Related Work & Insights¶
- vs TEMPURA: TEMPURA uses contrastive learning to assist in debiasing but does not address visual noise. Built on top of it, VISA adds MGSM for visual stabilization and IRG for semantic iterations, achieving an 11-13 point improvement under Semi Constraint.

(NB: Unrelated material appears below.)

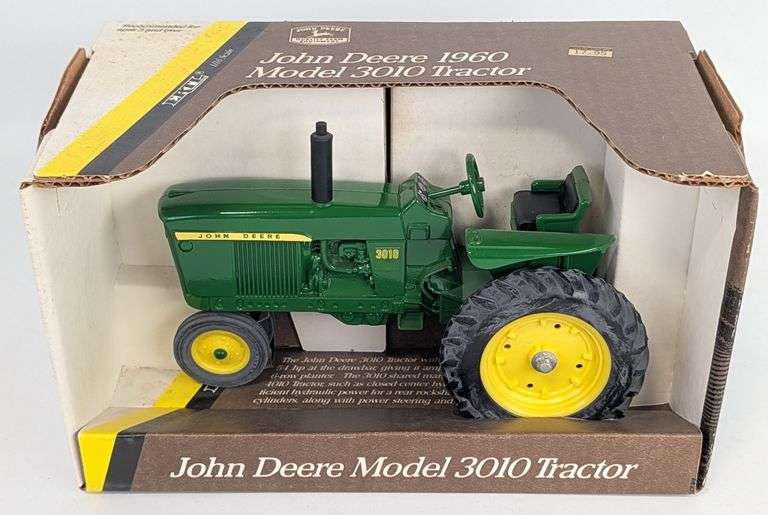 1/16 Ertl John Deere Model 3010 Narrow Front Tractor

- vs FloCoDe: FloCoDe focuses on flow information to assist predicate prediction, but still suffers from visual instability. VISA's EMA memory fundamentally improves feature stability.
- vs Image SGG methods: The unique challenge of video SGG lies in temporal instability, and MGSM is specifically designed to tackle this problem.
Rating¶
- Novelty: ⭐⭐⭐⭐ The dual visual and semantic debiasing framework is novel, supported by solid theoretical derivations.
- Experimental Thoroughness: ⭐⭐⭐⭐ Three constraint settings, multiple datasets, and detailed ablations are provided, although the main evaluation benchmark is singular.
- Writing Quality: ⭐⭐⭐⭐ Theoretical derivations are clear, though notations are dense and some formulations could be further simplified.
- Value: ⭐⭐⭐⭐ Provides a novel debiasing paradigm for VidSGG, with significant gains on tail categories.